Perhaps these costs are worth the benefits, but to make that case you have to discuss the cost side of the equation. The Free-Market Family does not grapple with the evidence that virtually every federal social program in U.S. history has ended up costing far more than projected when it passed. Whatever Eichner imagines the costs of her preferred pro-family policies to be, we can reliably multiply that several times over to get the likely costs over time.
She does finally say something about costs in the final chapter. But even there we get only a few paragraphs of hand waving and the assurance that these programs will pay for themselves with greater productivity and female employment. And if they don’t, well, we can just reallocate what we spend on the military and make the tax code more progressive. There is no discussion of the potential tradeoffs caused by higher marginal tax rates. (She points out that the U.S. economy grew when statutory rates were higher in the past, but this ignores the difference between statutory rates and the effective rates paid after avoidance and deductions. According to the Tax Foundation, the top 1 percent of earners in the 1950s paid an effective tax rate of about 42 percent, which is not that much different from the 36 percent effective rate today.)
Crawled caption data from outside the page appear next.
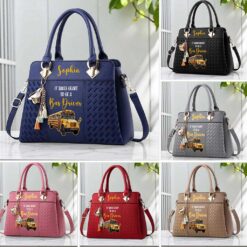 Custom School Bus Driver PU Leather Deluxe Handbag UKND5160704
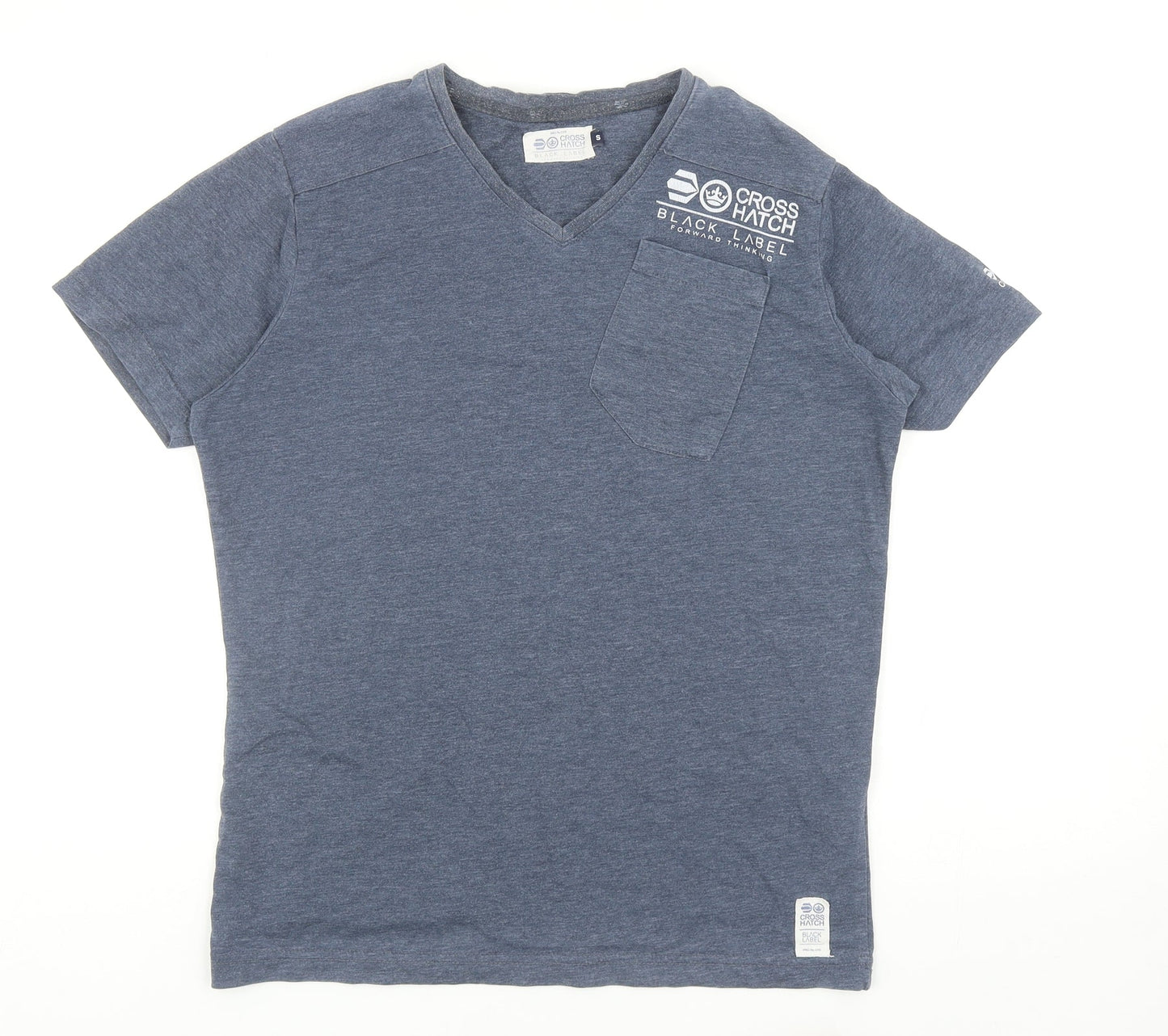 Mens UK Size S Crosshatch Blue  T-Shirt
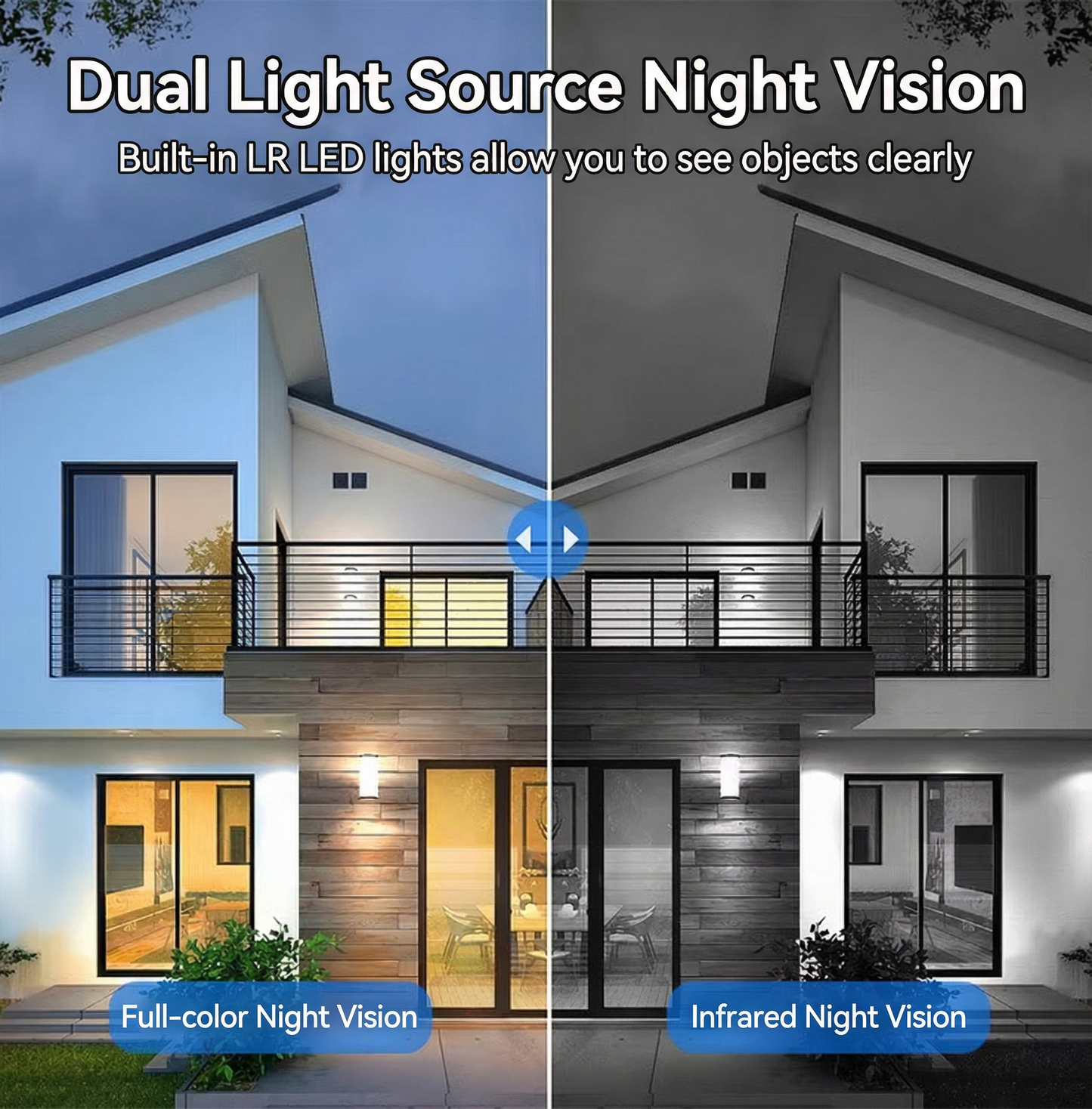 Solar Security Camera Outdoor - Dual Lens PTZ WiFi Camera with Color Night Vision & Two-Way Audio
Despite these omissions and flaws, The Free-Market Family does document some significant problems facing American families. As Eichner shows, the more we learn about the neuroscience of child development, the more we know about the material conditions under which children thrive. It is important to think through how best to ensure that parents can create those conditions, especially at a time when the prevailing policy assumptions tend to favor big-government interventions like the ones Eichner proposes.”